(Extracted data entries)
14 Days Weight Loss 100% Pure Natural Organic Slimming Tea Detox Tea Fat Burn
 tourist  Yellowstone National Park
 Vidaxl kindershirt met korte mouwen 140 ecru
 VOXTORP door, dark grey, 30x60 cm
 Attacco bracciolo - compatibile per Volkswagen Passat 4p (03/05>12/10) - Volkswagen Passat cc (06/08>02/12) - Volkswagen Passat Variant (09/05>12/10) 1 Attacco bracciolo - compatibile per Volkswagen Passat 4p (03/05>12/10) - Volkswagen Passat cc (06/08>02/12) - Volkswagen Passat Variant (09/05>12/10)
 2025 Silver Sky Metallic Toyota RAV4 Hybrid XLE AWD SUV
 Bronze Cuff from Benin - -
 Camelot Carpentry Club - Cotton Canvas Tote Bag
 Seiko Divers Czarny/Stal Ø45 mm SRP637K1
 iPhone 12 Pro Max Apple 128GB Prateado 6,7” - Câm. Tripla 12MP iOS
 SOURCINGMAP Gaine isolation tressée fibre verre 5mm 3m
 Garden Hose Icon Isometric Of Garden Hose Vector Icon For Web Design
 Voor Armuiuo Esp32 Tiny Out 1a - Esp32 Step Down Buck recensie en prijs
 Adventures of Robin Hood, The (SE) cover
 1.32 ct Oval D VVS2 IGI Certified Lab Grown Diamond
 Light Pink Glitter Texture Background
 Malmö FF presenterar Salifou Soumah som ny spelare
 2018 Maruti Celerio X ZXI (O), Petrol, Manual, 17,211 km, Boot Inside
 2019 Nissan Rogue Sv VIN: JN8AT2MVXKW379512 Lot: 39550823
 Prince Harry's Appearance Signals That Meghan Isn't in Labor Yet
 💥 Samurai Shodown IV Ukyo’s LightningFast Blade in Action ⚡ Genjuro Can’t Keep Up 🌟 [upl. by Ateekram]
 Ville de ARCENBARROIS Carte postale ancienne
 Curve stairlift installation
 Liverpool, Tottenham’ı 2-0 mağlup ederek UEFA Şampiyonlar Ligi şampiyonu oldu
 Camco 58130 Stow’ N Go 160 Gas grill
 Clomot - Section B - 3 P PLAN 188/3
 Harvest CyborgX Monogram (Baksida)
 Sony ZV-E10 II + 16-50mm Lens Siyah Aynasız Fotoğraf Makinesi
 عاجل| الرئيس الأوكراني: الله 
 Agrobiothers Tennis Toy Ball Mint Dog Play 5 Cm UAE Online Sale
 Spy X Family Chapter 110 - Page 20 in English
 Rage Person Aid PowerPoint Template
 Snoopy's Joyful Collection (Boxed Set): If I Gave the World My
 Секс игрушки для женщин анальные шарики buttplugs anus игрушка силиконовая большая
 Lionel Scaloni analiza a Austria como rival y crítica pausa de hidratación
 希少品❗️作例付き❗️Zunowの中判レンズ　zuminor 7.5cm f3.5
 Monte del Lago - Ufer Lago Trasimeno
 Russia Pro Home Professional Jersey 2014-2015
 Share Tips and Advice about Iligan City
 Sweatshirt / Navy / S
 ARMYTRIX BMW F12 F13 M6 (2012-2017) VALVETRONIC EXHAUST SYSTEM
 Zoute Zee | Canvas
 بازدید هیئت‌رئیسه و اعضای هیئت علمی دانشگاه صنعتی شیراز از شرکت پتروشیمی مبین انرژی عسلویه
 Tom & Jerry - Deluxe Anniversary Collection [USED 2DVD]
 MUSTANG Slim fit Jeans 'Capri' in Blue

**Work instructions:** Give only the lines from the one holding "Rage Person Aid PowerPoint Template" through the one holding "Sweatshirt / Navy / S", each restated exactly as it appears above.

**Your response:**
 Rage Person Aid PowerPoint Template
 Snoopy's Joyful Collection (Boxed Set): If I Gave the World My
 Секс игрушки для женщин анальные шарики buttplugs anus игрушка силиконовая большая
 Lionel Scaloni analiza a Austria como rival y crítica pausa de hidratación
 希少品❗️作例付き❗️Zunowの中判レンズ　zuminor 7.5cm f3.5
 Monte del Lago - Ufer Lago Trasimeno
 Russia Pro Home Professional Jersey 2014-2015
 Share Tips and Advice about Iligan City
 Sweatshirt / Navy / S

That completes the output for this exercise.